Crawled caption data:
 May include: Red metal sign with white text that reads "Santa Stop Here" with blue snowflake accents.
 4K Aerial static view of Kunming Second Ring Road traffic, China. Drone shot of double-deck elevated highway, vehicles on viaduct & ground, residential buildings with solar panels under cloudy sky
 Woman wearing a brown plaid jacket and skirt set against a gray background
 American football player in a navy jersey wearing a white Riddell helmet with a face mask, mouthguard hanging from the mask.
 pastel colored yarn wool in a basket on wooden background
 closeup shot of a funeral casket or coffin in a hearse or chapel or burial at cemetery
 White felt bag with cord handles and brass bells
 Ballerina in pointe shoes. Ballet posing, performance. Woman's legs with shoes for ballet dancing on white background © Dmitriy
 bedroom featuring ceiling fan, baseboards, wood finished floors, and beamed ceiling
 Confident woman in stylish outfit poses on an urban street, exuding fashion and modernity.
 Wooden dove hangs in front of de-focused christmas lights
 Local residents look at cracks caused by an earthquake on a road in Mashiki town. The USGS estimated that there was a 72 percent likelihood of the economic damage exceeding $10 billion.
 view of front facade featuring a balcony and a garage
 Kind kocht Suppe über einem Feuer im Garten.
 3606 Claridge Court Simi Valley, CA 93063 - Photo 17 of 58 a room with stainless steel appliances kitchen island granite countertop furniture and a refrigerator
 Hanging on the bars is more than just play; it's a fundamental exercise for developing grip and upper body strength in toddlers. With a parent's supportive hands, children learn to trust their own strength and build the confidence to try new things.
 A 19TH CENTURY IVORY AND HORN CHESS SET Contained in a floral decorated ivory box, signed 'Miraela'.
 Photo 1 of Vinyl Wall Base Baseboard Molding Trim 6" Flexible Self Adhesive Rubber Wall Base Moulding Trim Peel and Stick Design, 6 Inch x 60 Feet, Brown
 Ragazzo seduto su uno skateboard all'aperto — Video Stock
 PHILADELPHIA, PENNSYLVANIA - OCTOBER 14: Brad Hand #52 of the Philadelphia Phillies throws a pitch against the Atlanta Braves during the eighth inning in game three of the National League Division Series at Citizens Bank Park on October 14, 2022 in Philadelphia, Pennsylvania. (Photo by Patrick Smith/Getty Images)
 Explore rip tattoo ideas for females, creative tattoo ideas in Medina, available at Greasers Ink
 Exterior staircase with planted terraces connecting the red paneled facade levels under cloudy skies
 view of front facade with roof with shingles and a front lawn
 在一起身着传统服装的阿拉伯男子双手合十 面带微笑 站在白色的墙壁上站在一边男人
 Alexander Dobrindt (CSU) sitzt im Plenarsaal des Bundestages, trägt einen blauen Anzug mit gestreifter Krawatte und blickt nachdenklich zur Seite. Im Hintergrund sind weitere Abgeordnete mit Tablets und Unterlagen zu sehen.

__WORK INSTRUCTIONS__. Would you be able to transcribe every line of the data exactly?

__WRITTEN SOLUTION__.
 May include: Red metal sign with white text that reads "Santa Stop Here" with blue snowflake accents.
 4K Aerial static view of Kunming Second Ring Road traffic, China. Drone shot of double-deck elevated highway, vehicles on viaduct & ground, residential buildings with solar panels under cloudy sky
 Woman wearing a brown plaid jacket and skirt set against a gray background
 American football player in a navy jersey wearing a white Riddell helmet with a face mask, mouthguard hanging from the mask.
 pastel colored yarn wool in a basket on wooden background
 closeup shot of a funeral casket or coffin in a hearse or chapel or burial at cemetery
 White felt bag with cord handles and brass bells
 Ballerina in pointe shoes. Ballet posing, performance. Woman's legs with shoes for ballet dancing on white background © Dmitriy
 bedroom featuring ceiling fan, baseboards, wood finished floors, and beamed ceiling
 Confident woman in stylish outfit poses on an urban street, exuding fashion and modernity.
 Wooden dove hangs in front of de-focused christmas lights
 Local residents look at cracks caused by an earthquake on a road in Mashiki town. The USGS estimated that there was a 72 percent likelihood of the economic damage exceeding $10 billion.
 view of front facade featuring a balcony and a garage
 Kind kocht Suppe über einem Feuer im Garten.
 3606 Claridge Court Simi Valley, CA 93063 - Photo 17 of 58 a room with stainless steel appliances kitchen island granite countertop furniture and a refrigerator
 Hanging on the bars is more than just play; it's a fundamental exercise for developing grip and upper body strength in toddlers. With a parent's supportive hands, children learn to trust their own strength and build the confidence to try new things.
 A 19TH CENTURY IVORY AND HORN CHESS SET Contained in a floral decorated ivory box, signed 'Miraela'.
 Photo 1 of Vinyl Wall Base Baseboard Molding Trim 6" Flexible Self Adhesive Rubber Wall Base Moulding Trim Peel and Stick Design, 6 Inch x 60 Feet, Brown
 Ragazzo seduto su uno skateboard all'aperto — Video Stock
 PHILADELPHIA, PENNSYLVANIA - OCTOBER 14: Brad Hand #52 of the Philadelphia Phillies throws a pitch against the Atlanta Braves during the eighth inning in game three of the National League Division Series at Citizens Bank Park on October 14, 2022 in Philadelphia, Pennsylvania. (Photo by Patrick Smith/Getty Images)
 Explore rip tattoo ideas for females, creative tattoo ideas in Medina, available at Greasers Ink
 Exterior staircase with planted terraces connecting the red paneled facade levels under cloudy skies
 view of front facade with roof with shingles and a front lawn
 在一起身着传统服装的阿拉伯男子双手合十 面带微笑 站在白色的墙壁上站在一边男人
 Alexander Dobrindt (CSU) sitzt im Plenarsaal des Bundestages, trägt einen blauen Anzug mit gestreifter Krawatte und blickt nachdenklich zur Seite. Im Hintergrund sind weitere Abgeordnete mit Tablets und Unterlagen zu sehen.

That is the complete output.